Bu kural en azından kısa vadede geçerlidir. Yatırım fonu yatırımının değeri, portföyünün toplam piyasa değeri olan net varlık değeri (NAV) tarafından, kazanılmış herhangi bir faiz veya temettü dahil olmak üzere, ödenmemiş pay sayısına göre belirlenir.

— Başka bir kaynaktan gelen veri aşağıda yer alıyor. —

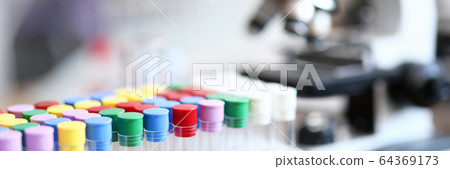 Test tube with colored caps next to microscope 64369173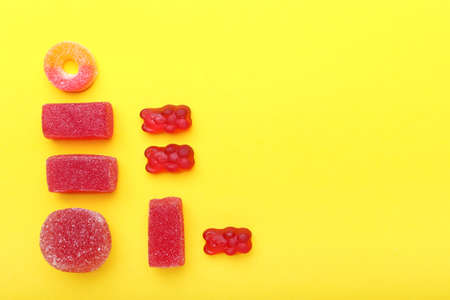 Different jelly candies on color backgroundの写真素材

NAV kısmen fon varlıklarının piyasa değerine dayandığından, yükselen faiz oranları yeni istenmeyen varlıklara sahip olan bir tahvil fonunun NAV'ı üzerinde ciddi bir etkiye sahip olabilir. Faiz oranları düşerse ve daha eski tahviller bir primde işlem görmeye başlarsa, NAV önemli ölçüde sıçrayabilir. Yatırım fonu hisselerini kısa vadede nakde çevirmek isteyenler için, faiz oranı değişiklikleri felaket veya hoş olabilir.
Ancak, tahvilin ömrü faiz oranı değişikliklerinin değeri üzerinde ne kadar etkisi olduğu ile çok ilgilidir. Örneğin, bir yıl içinde vadeye çok yakın olan tahvillerin değer kaybetme veya değer kazanma olasılığı daha düşüktür. Bunun nedeni, vadesi geldiğinde tahvil ihracı, bononun sahip olduğu kişiye tahvilin tam değerini ödemek zorundadır. Vade tarihi yaklaştıkça, tahvilin piyasa değeri nominal değeriyle yakınsar. Vadeye kadar uzun yıllar kalan tahviller ise tersine değişen oranlardan büyük ölçüde etkilenebilir.
Kısa vadeli borçların istikrarı nedeniyle, yüksek oranda derecelendirilmiş hükümetler veya şirketler tarafından ihraç edilen, güvenli, kısa vadeli varlıklara yatırım yapan para piyasası fonları veya diğer yatırım fonları, faiz oynaklığının tahrip edilmesine karşı daha az savunmasızdır. Benzer şekilde, uzun vadeli tahvil fonlarındaki hisselerine sahip olan al ve tut yatırımcıları, portföyün piyasa değeri zaman içindeki toplam nominal değeri ile yakınlaştığından, faiz oranı dalgalanmalarının hız treni sürüşünü atlatabilir. Ayrıca tahvil fonları, eski varlıklar olgunlaştıkça daha yeni, yüksek faizli tahviller satın alabilir.
Artan Faiz Oranları Yatırımları Daha Az Çekici Yapıyor mu?
Borç odaklı yatırım fonlarının karlılığı söz konusu olduğunda, değişen faiz oranlarının etkisi açıktır. Ancak, artan faiz oranları yatırım fonlarını ve diğer yatırımları daha az cazip hale getirebilir. Faiz oranları yükseldikçe borçlanma maliyeti arttığı için bireyler ve işletmeler portföylerine daha az para harcarlar. Bu, yatırım fonlarının çalışmak için daha az sermayeye sahip olduğu anlamına gelir ve sağlıklı getiri elde etmeyi zorlaştırır. Buna ek olarak, hisse senetleri hem bireysel hisse senetleri hem de hisse senedi yatırım fonlarının hissedarlarına zarar veren faiz oranları arttıkça borsa daralma eğilimindedir.